Rome, 13 mars 2015  –  Carême : troisième prédication du P. Cantalamessa « Orient et Occident face au mystère de la personne du Christ »

EXTRAIT de la page 6 
Vu que nous sommes dans l’Année de la vie consacrée, je voudrais avoir une pensée spéciale pour elle. Je me permets de reprendre, à cet égard, quelques réflexions que j’avais faites, il y a quelque temps, ici même, en commentant l’encyclique de Benoît XVI «  Deus caritas est ». Dans cette encyclique, Benoît XVI affirme que l’amour de donation et  l’amour de recherche, agape et eros (ce dernier compris dans son sens noble, et non vulgaire) sont deux éléments inséparables dans l’amour de Dieu pour nous et dans notre amour pour Dieu. Dans cette reconnaissance, l’Orient a précédé l’Occident13, longtemps resté prisonnier de la thèse contraire, soit l’incompatibilité entre agape et eros14.

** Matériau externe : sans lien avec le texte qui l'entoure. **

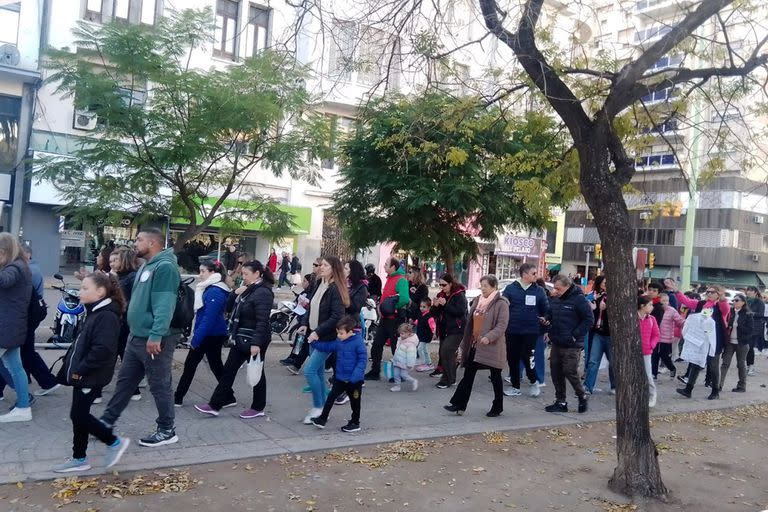 Padres autoconvocados de las escuelas de Bahía Blanca marcharon por la plaza Rivadavia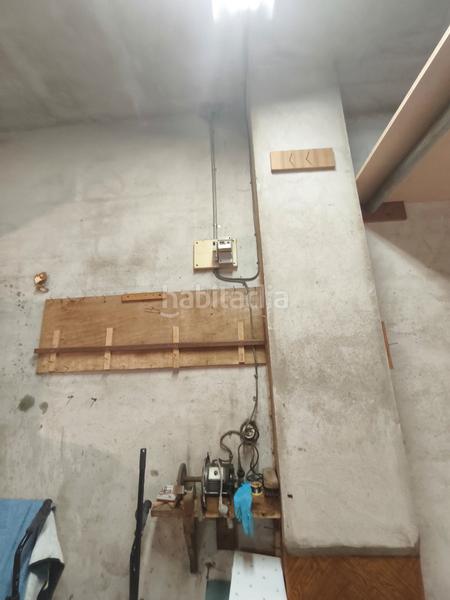 Foto 313559b8-777d-421d-becf-14a511d67168. Local comercial en Los Castros Santander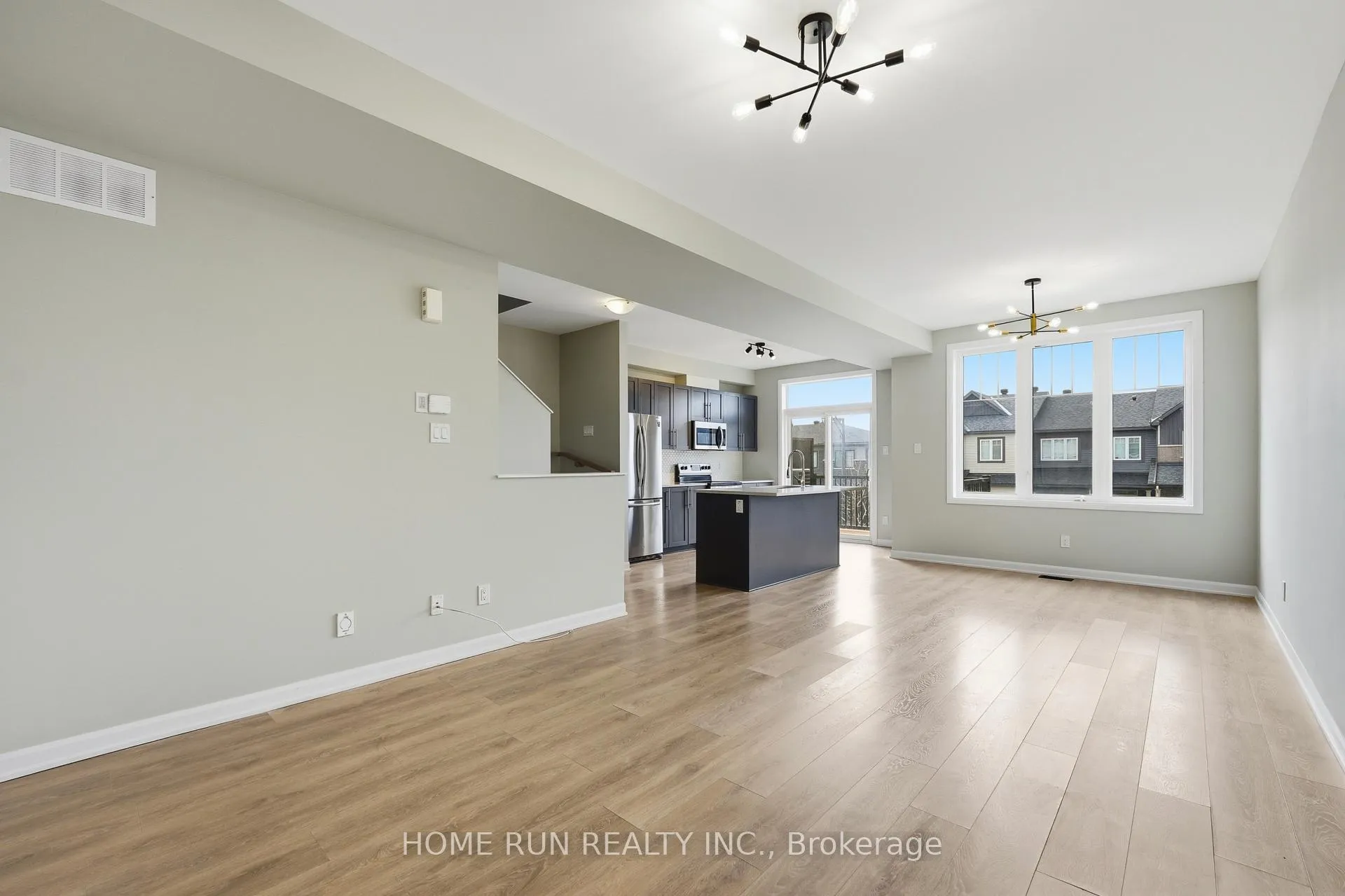 Photo 9 of 60 Teelin Circle, Ottawa, Barrhaven - Half Moon Bay — HOMEH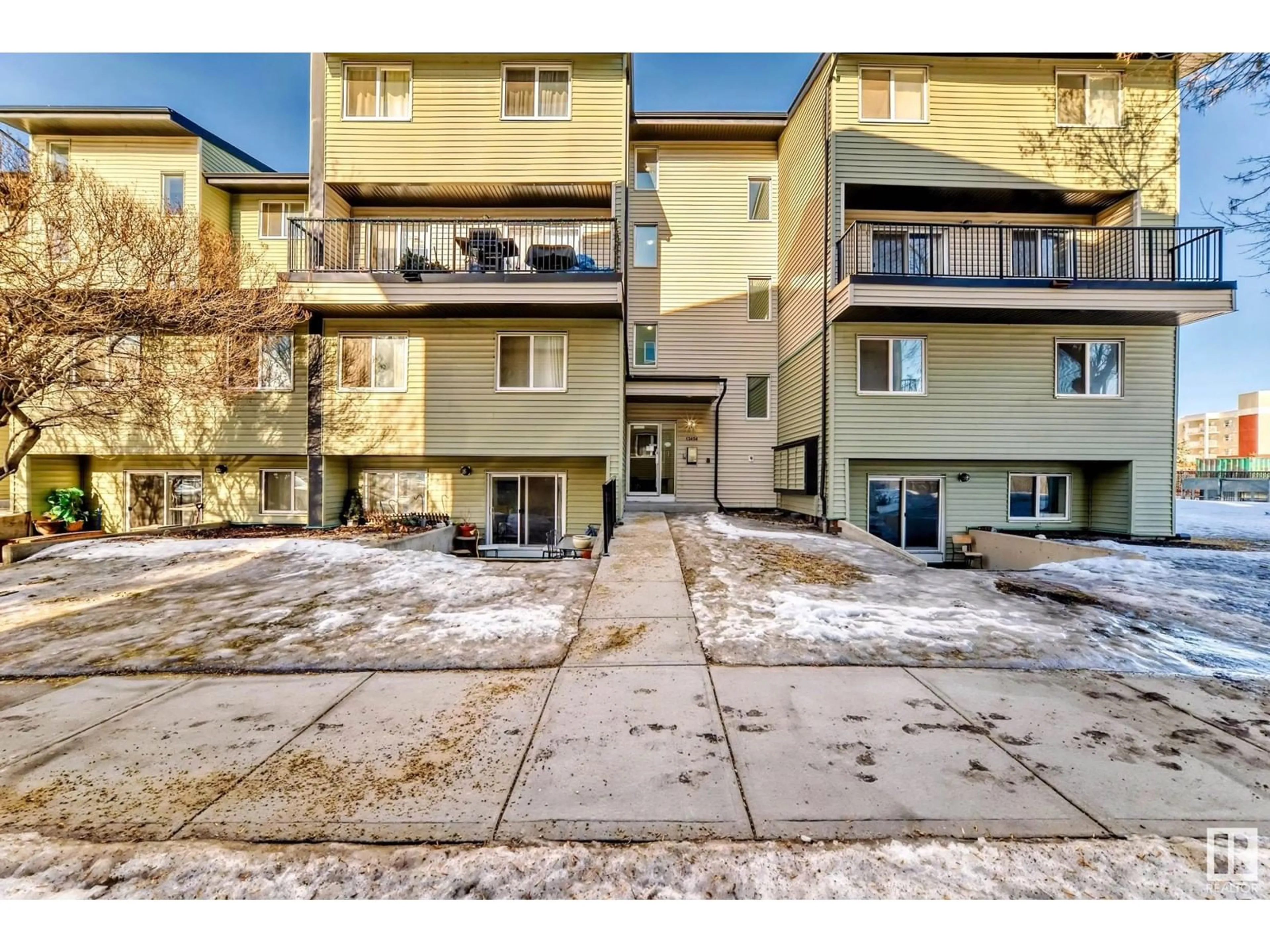 Patio, street for #3 13454 FORT RD NW, Edmonton Alberta T5A1C5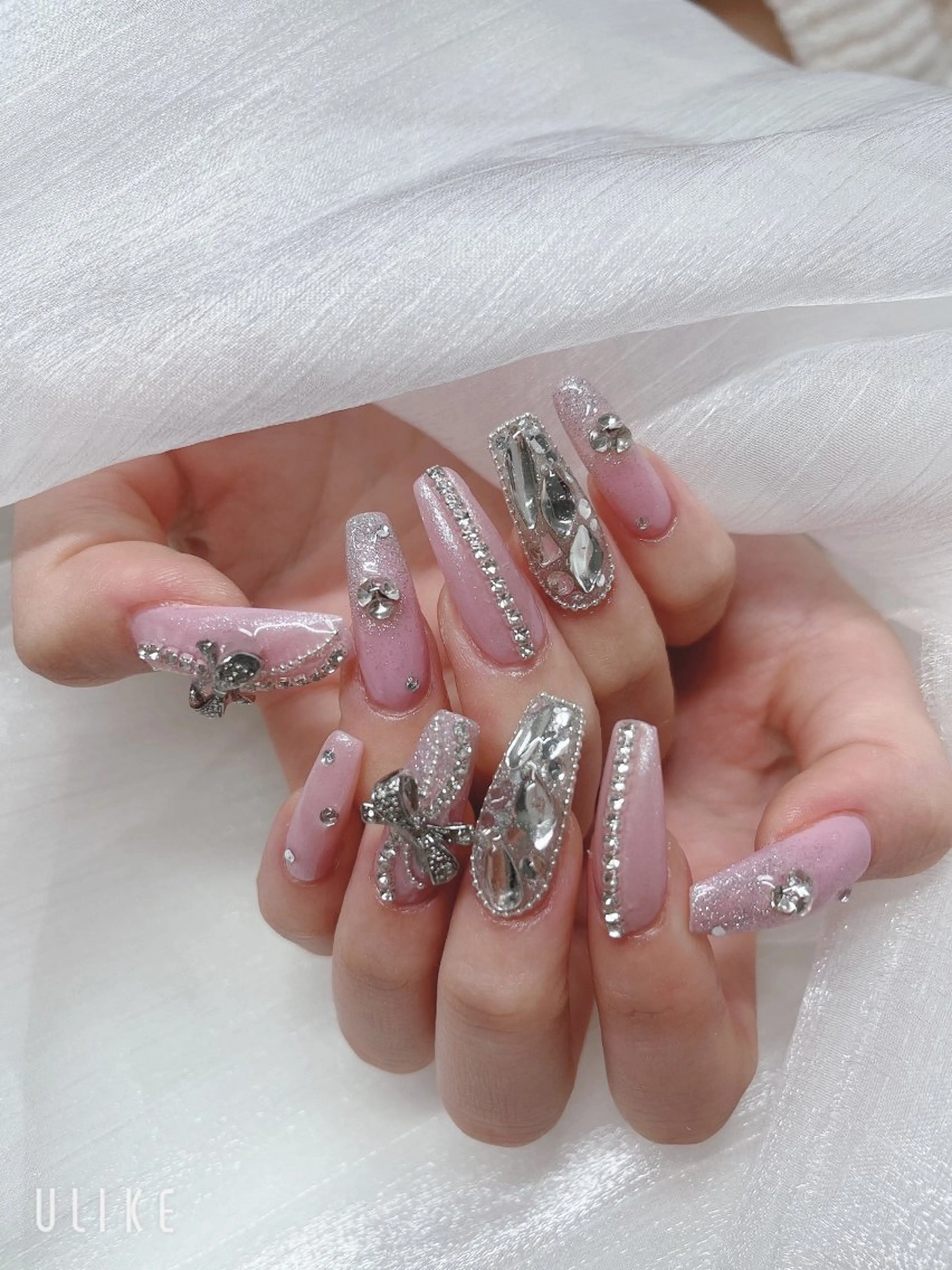 ネイル ハンドネイル ハンドケア COCO ネイルのネイルデザイン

L’amour souffre d’une séparation néfaste, non seulement dans la mentalité du monde sécularisé, mais aussi, d’un autre coté, entre les croyants et en particulier entre les âmes consacrées. Dans le monde nous trouvons, souvent, un eros sans agapè; et parmi les croyants, une agapè sans eros. Mais l’eros sans agapè est un amour romantique, le plus souvent passionnel, qui peut même aller jusqu’à la violence ; un amour de conquête, qui réduit fatalement l’autre à un objet pour son propre plaisir et ignore tout de la dimension de sacrifice, de fidélité et du don de soi, c’est-à-dire l’agapè.
C’est agir sous l’emprise de la volonté bien plus que sous l’impulsion intime du cœur; c’est se couler dans un moule préfabriqué, au lieu de s’en créer un pour soi, unique, comme est unique chaque être humain devant Dieu. Les gestes d’amour que l’on a envers Dieu font penser, dans ce cas-là, à ces amoureux qui écrivent à leur bien-aimée, mais dépourvus d’imagination, copient leur lettre dans un manuel approprié.
L’amour vrai et intégral est une perle renfermée entre deux valves que sont l’eros et l’agapè. On ne peut séparer ces deux dimensions de l’amour sans le détruire. C’est comme cela que l’amour de Dieu, révélé dans la Bible, se présente pour nous. Il n’est pas seulement pardon, miséricorde, don de soi ; il est aussi passion, désir, jalousie ; un amour paternel et maternel, mais également conjugal. Dieu nous désire, nous donne presque l’impression de ne pouvoir vivre sans nous. Le Christ veut donc que l’amour de ses consacrés pour lui soit comme ça.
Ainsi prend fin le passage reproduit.